OK, let's take \\(\mathcal{C}\\) to be the people/friend-of schema from [Lecture 42](https://forum.azimuthproject.org/discussion/2236/lecture-42-chapter-3-transforming-databases).



And \\(\mathcal{D}\\) is the same category but without the friend-of arrow. There's only one choice for \\(G : \mathcal{D} \rightarrow \mathcal{C}\\), which is the obvious inclusion functor.

Now consider a very simple database \\(H : \mathcal{D} \rightarrow \textbf{Set}\\) that sends the object of \\(\mathcal{D}\\) to the set \\(\\{\textrm{Alice}\\}\\). What is its left Kan extension \\(\textrm{Lan}_G (H) : \mathcal{D} \rightarrow \textbf{Set}\\)?

It has to send the object of \\(\mathcal{C}\\) to a set \\(P\\) of people, but also send the friend-of arrow in \\(\mathcal{C}\\) to an endomap on \\(P\\) – and do this in a "free" way.

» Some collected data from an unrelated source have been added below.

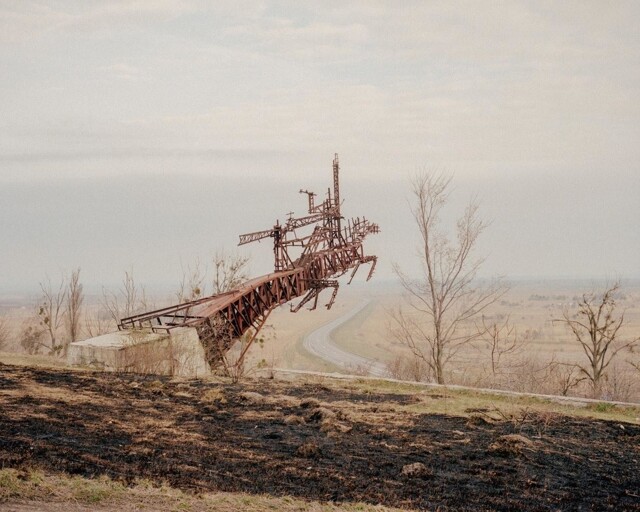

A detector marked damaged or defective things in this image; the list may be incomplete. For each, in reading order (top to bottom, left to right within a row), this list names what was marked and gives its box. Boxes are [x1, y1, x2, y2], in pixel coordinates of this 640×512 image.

rusted monument [117, 154, 378, 370]
rusted metal sculpture [118, 154, 378, 370]
rust stain on metal [119, 154, 380, 370]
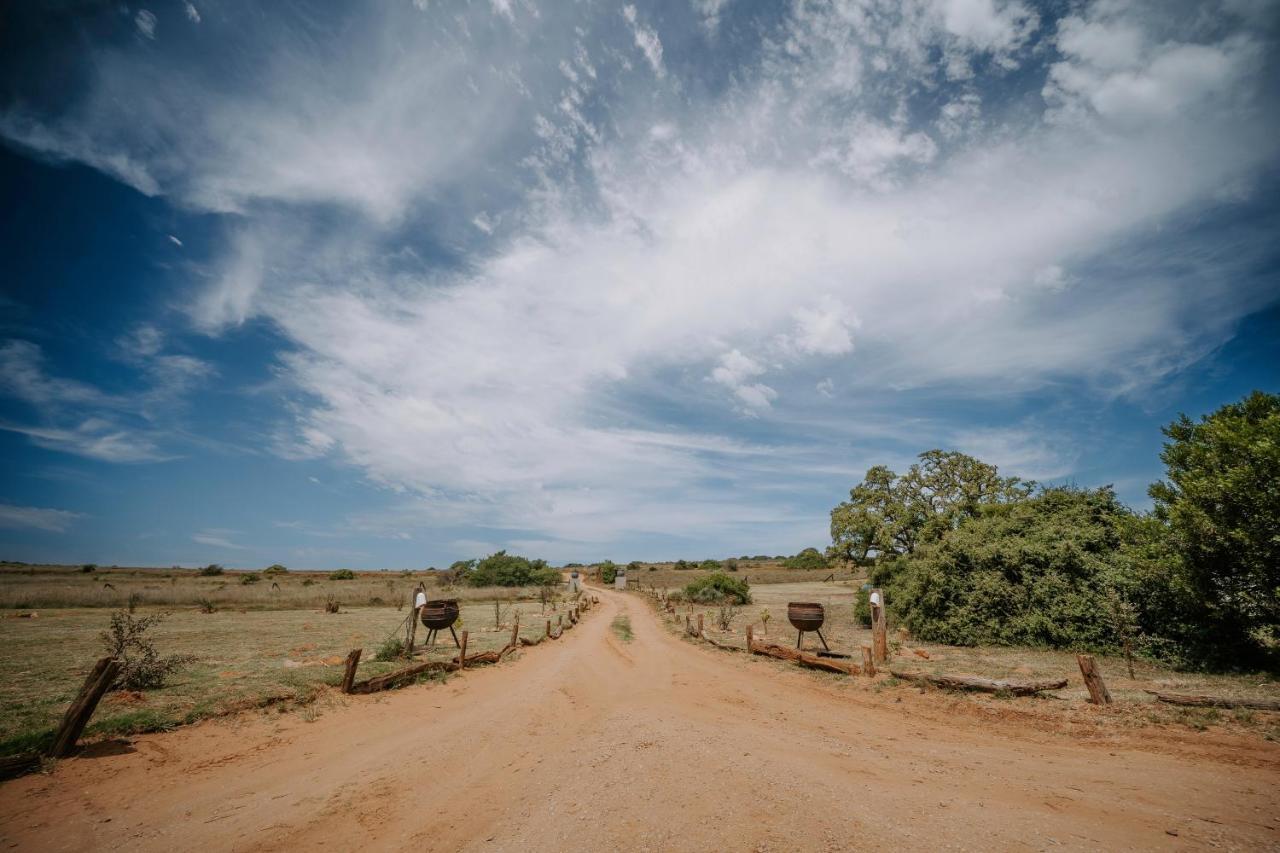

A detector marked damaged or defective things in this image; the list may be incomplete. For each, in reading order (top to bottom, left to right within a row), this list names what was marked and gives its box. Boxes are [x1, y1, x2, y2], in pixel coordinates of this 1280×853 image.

rusty fire pit [420, 600, 460, 644]
rusty fire pit [792, 604, 832, 648]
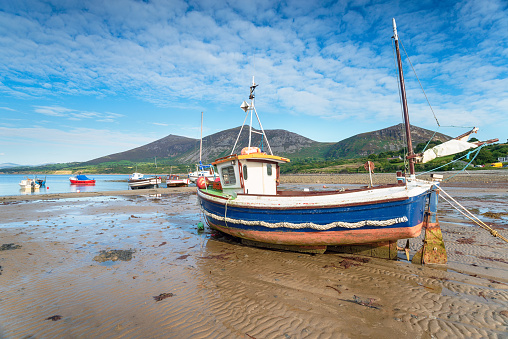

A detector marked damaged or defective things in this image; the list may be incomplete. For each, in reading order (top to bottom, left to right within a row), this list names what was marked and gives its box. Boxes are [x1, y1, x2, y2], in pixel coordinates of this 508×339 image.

rusty hull paint [204, 220, 422, 247]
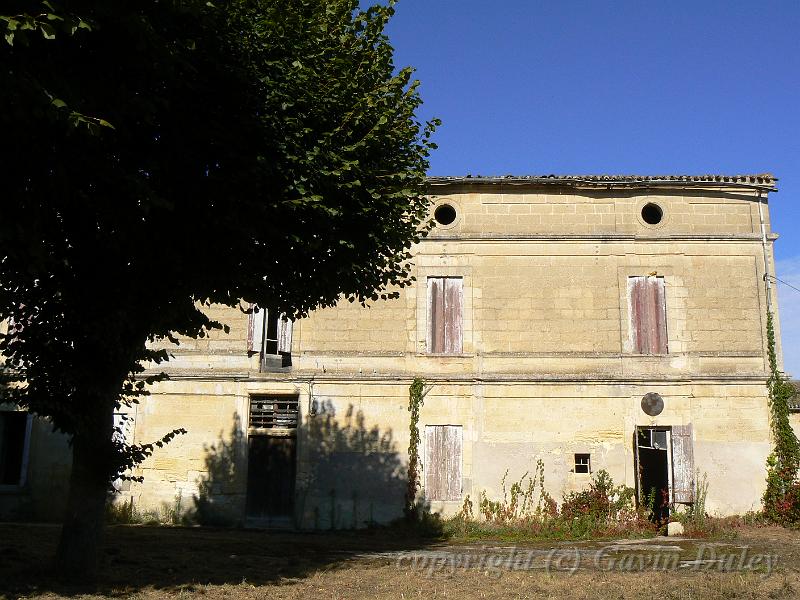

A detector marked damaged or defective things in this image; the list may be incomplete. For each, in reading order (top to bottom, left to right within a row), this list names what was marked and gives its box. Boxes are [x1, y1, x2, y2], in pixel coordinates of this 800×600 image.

broken window [247, 308, 294, 368]
broken window [424, 278, 462, 356]
broken window [628, 278, 664, 356]
broken window [0, 410, 30, 486]
broken window [424, 424, 462, 504]
broken window [572, 454, 592, 474]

That means we need \\(\textrm{Alice} \in P\\), but then we need to invent a friend for her, say \\(\textrm{Friend}_0 \in P\\), and a friend for him \\(\textrm{Friend}_1 \in P\\), and a friend for her \\(\textrm{Friend}_2 \in P\\)...

So \\(P\\) is a countably infinite set (isomorphic to the natural numbers). There's a natural inclusion map \\(\\{ \textrm{Alice} \\} \rightarrow P\\) but these sets certainly aren't iso.

Hence \\(\textrm{Lan}_G (H) \circ G\\) is *not* iso to \\(H\\).